CLICK HERE FOR BLOGGER TEMPLATES AND MYSPACE LAYOUTS »

Monday, March 19, 2007

Amazing Grace - Well named...

I recently read a review on another movie that seemed to lament "all these faith-based movies." It seems to me that Hollywood might accidentally be catching up with reality, instead. I don't know if AG was an indy or not, but you don't have to be Christian to be blown away by this movie.

Let me nit-pick just two things: This is so completely unfair of me, BUT... casting Mr. Fantastic from the Fantastic Four horrible movie as Wilberforce was a little off putting. For one thing I don't think he's a very good actor, not bad, just not good; for the other thing - as much as I hate stereotyping - I kept getting pulled out of the movie because I'd think "wow, this is fantastic" and get slapped in the face by an associative memory of rubber-guy in a bad movie.

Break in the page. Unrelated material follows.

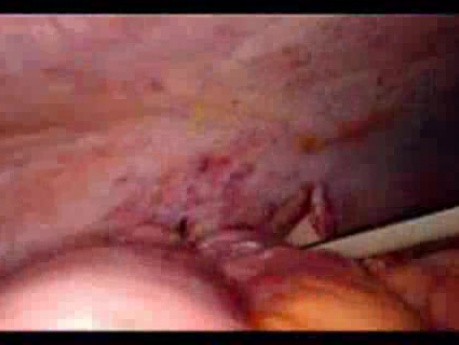 Colonic Perforation With Peritonitis - Laparoscopy (45 of 46)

Second nit-pick was using Wilburforce's illness to symbolize the on-going, toll-taking journey of the abolitionists. He did historically struggle with great pain, but it was his determination over years of failure upon failure that needed more development. As many MP's were brought to the light by Wilbur's unceasing argument - they all wore down long before he did - and I would have liked to see that. A few subtle touches like their wigs being more frayed as time went on while Wilbur remained kempt; eroding arguments (in the beginning, the opponents would drone on and on in argument. As time went by their arguments got shorter and shorter. In one instance, Wilbur ranted beautifully, and his opponent stood wearily up, searched for words, couldn't find them and just said "no."

Fox and Newton stole the show. In fact, the whole cast was stunning (except for the star. Daniel Day Lewis would have been incredible as Wilberforce), but they made up for him.

The audience applauded at the end, and so they should have.

A+ (I can't even bring myself to ding the rating for Ionne). A must-see for every American old enough to appreciate it.

1 comments:

sherlock said...

I pretty much agree. but it is a history movie, so your average high schooler won't enjoy it as much as adults.